Short web captions
----------------------------------------

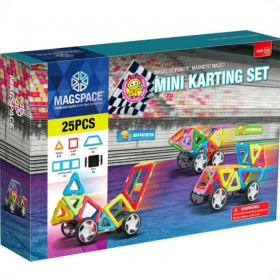 Set constructie 3D magnetic Magspace 25 Piese Mini Karting Set 1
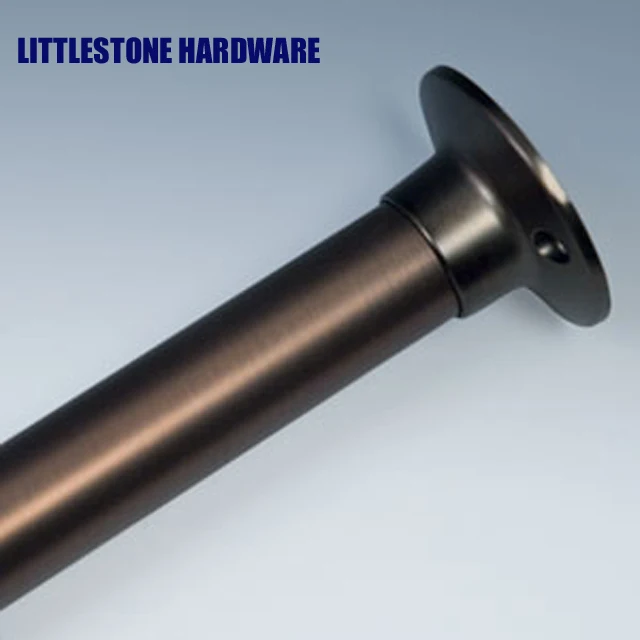 
60 Inch Oil Rubber Bronze Aluminum Straight Shower Curtain Rod 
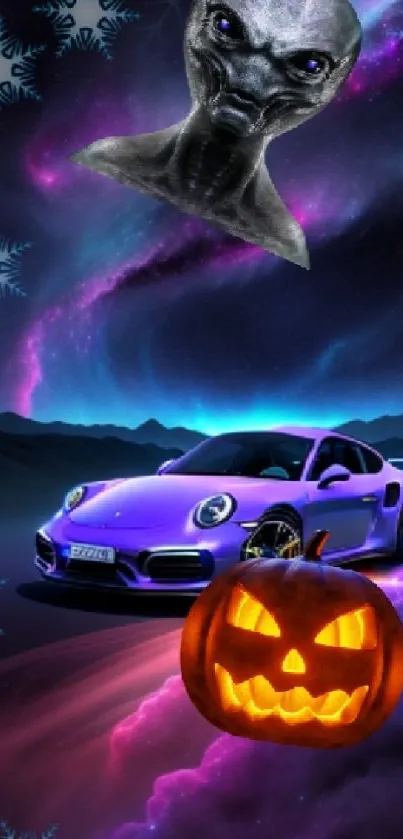 Surreal cosmic scene with car, alien, and pumpkin under a starry sky.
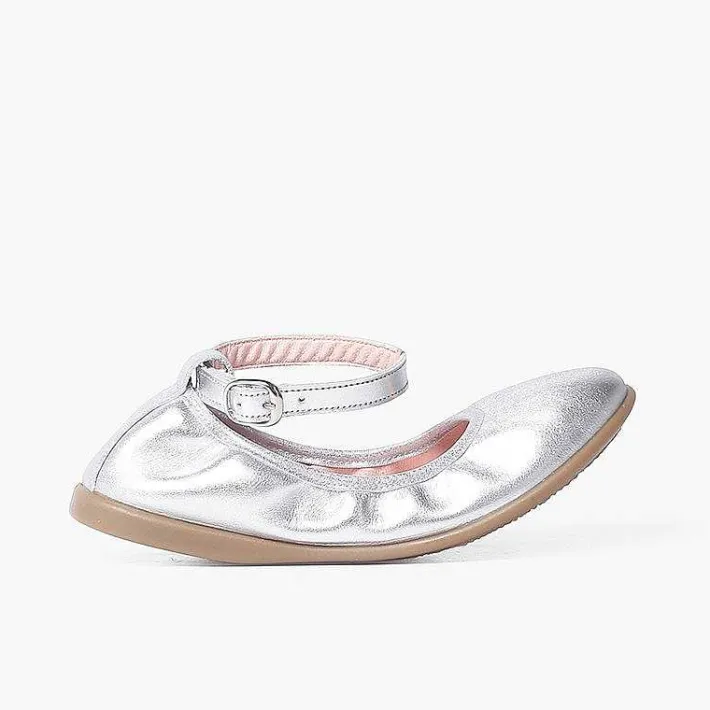Zapatos Comunión<Pisamonas Bailarinas Piel Elastico Cierre Pulsera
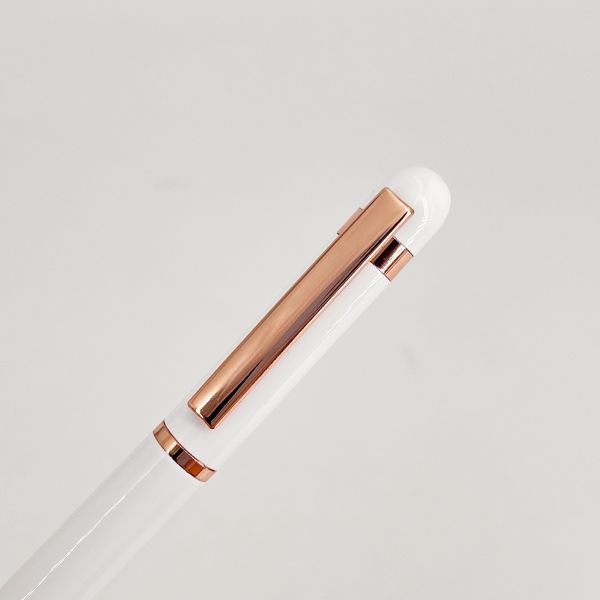 High End Metal Smooth Writing Roller Pen With White Rose Gold Comfortable Holder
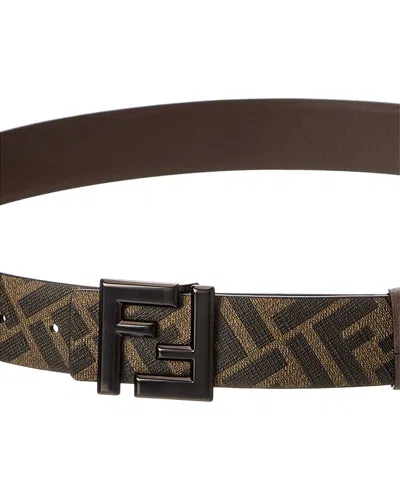 Fendi Ff Squared Leather Belt In Brown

----------------------------------------

## Exercise goal:
The entries above should be reproduced exactly, without their pictures.

## Solution to this task:
 Set constructie 3D magnetic Magspace 25 Piese Mini Karting Set 1
60 Inch Oil Rubber Bronze Aluminum Straight Shower Curtain Rod 
 Surreal cosmic scene with car, alien, and pumpkin under a starry sky.
Zapatos Comunión<Pisamonas Bailarinas Piel Elastico Cierre Pulsera
 High End Metal Smooth Writing Roller Pen With White Rose Gold Comfortable Holder
 Fendi Ff Squared Leather Belt In Brown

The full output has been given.